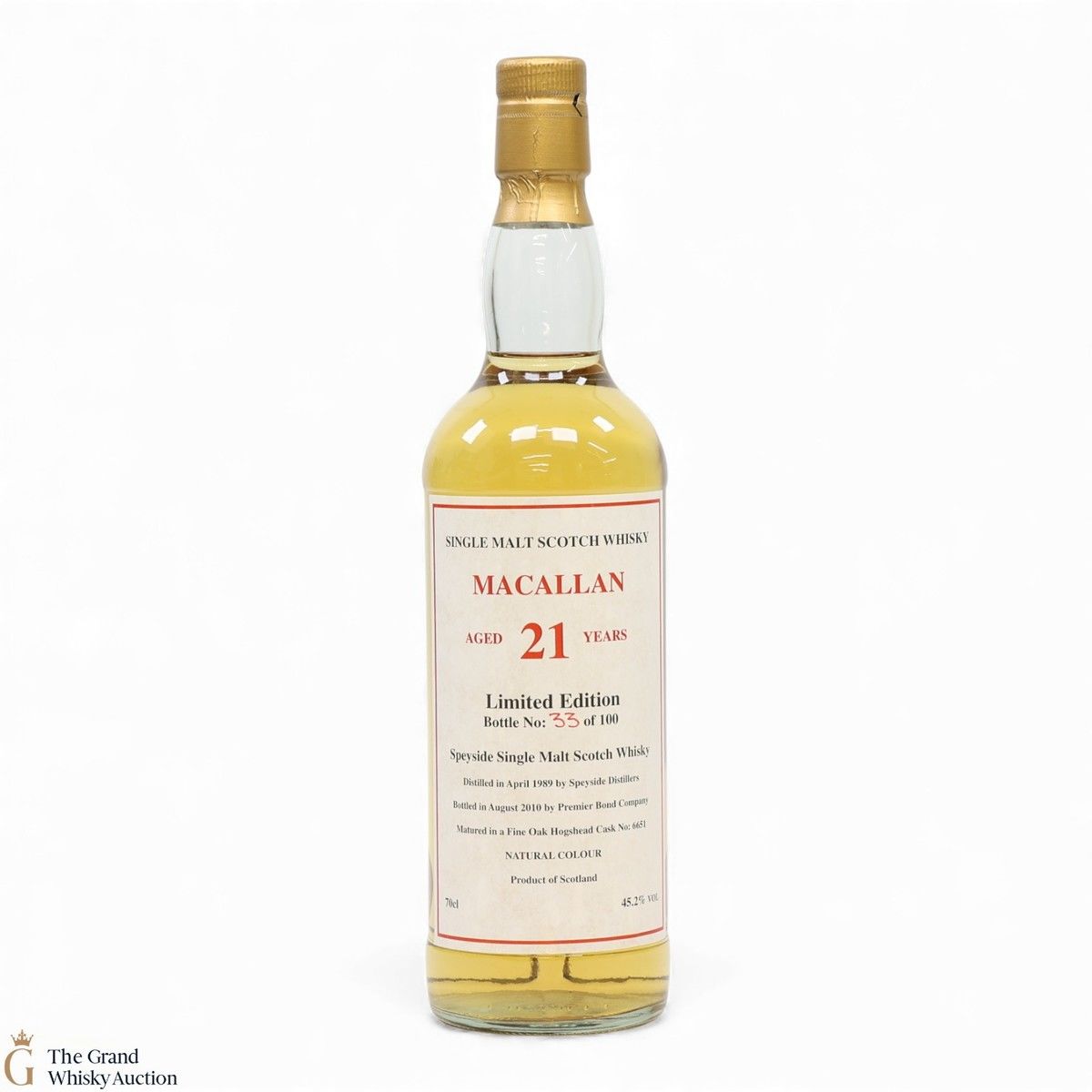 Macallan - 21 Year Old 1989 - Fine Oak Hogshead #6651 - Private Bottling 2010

---

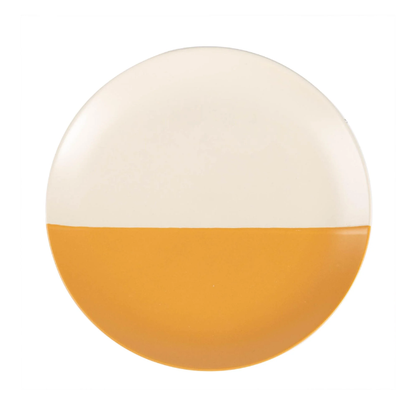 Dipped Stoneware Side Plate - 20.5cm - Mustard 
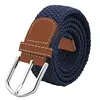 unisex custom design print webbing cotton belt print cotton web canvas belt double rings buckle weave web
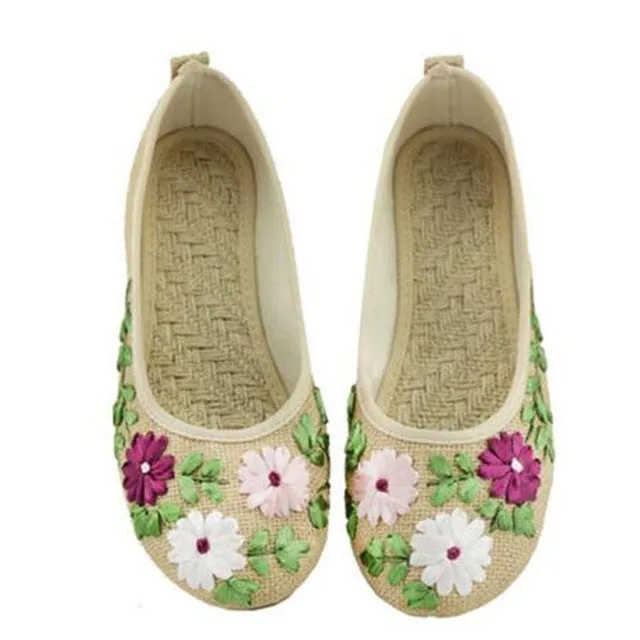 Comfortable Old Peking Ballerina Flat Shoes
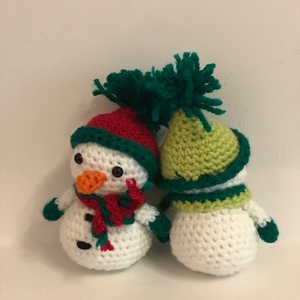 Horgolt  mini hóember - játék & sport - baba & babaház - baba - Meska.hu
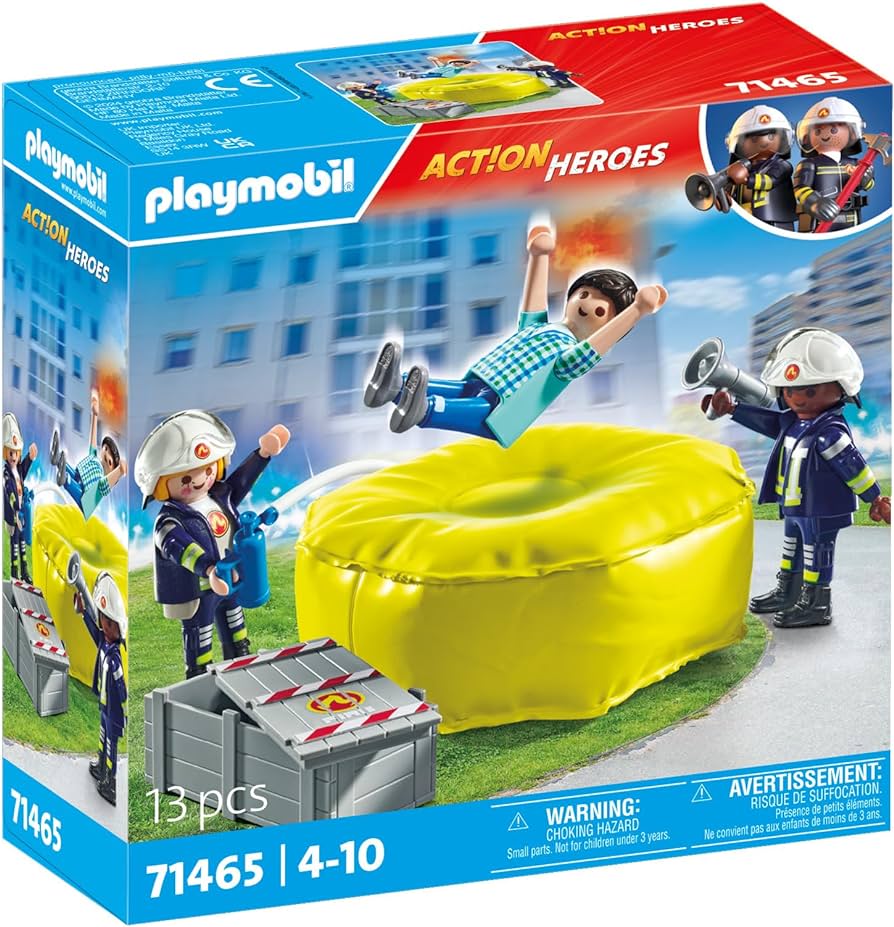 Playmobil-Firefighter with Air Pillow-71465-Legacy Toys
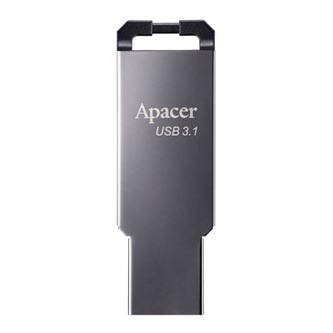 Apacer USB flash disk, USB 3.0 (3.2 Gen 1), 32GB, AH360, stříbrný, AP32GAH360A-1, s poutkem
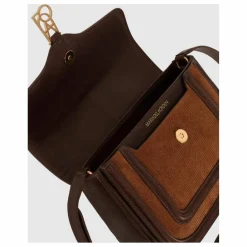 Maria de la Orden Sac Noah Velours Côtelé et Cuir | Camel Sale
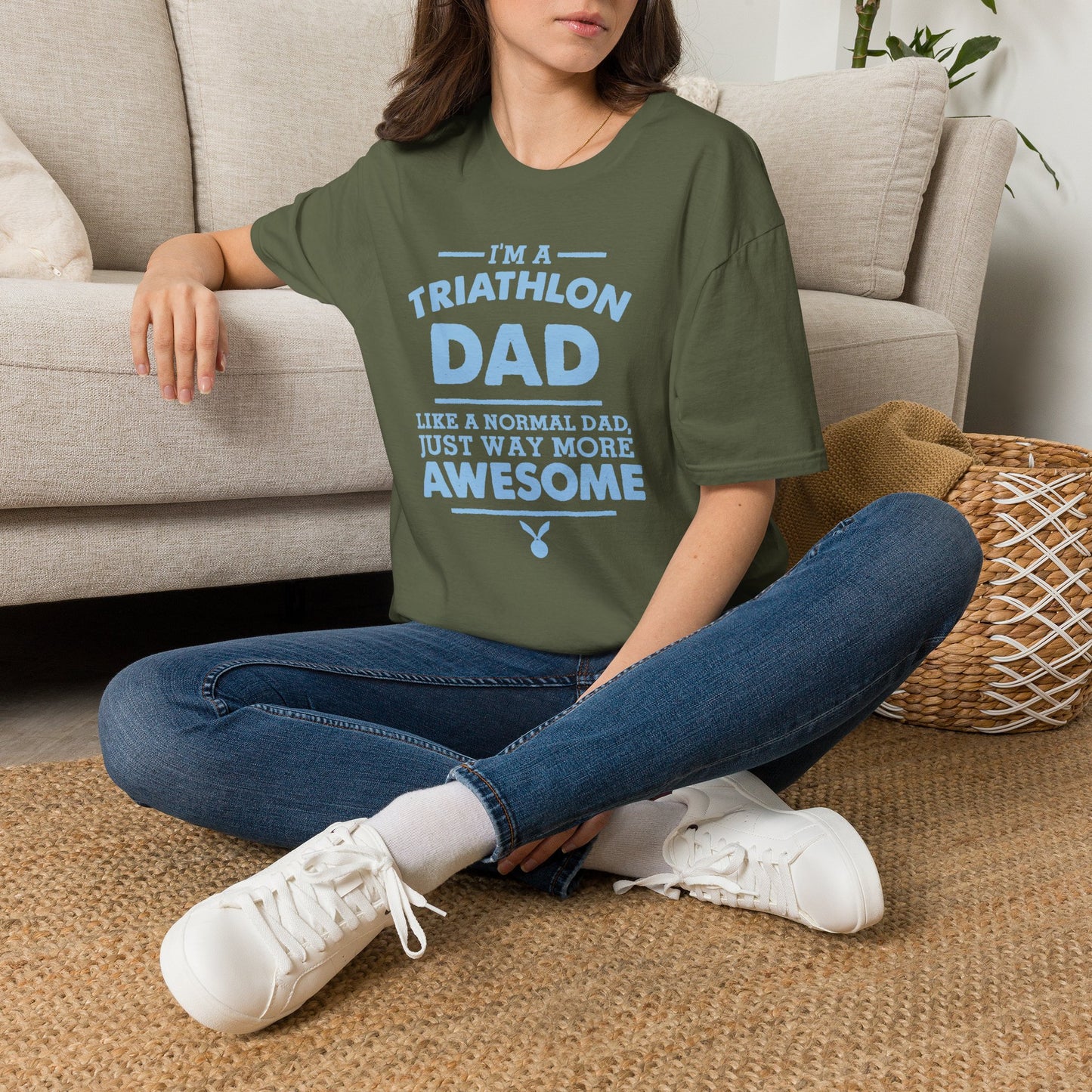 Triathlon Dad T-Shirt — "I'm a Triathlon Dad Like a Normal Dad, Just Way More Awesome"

■ **WHAT THE TASK REQUIRES**: The lines above starting at the one that holds "unisex custom design" and ending at the one that holds "Triathlon Dad T-Shirt" are to be written out exactly, ends included, and no pictures are to be copied.

■ **RESPONSE**:
 unisex custom design print webbing cotton belt print cotton web canvas belt double rings buckle weave web
 Comfortable Old Peking Ballerina Flat Shoes
 Horgolt  mini hóember - játék & sport - baba & babaház - baba - Meska.hu
 Playmobil-Firefighter with Air Pillow-71465-Legacy Toys
 Apacer USB flash disk, USB 3.0 (3.2 Gen 1), 32GB, AH360, stříbrný, AP32GAH360A-1, s poutkem
 Maria de la Orden Sac Noah Velours Côtelé et Cuir | Camel Sale
 Triathlon Dad T-Shirt — "I'm a Triathlon Dad Like a Normal Dad, Just Way More Awesome"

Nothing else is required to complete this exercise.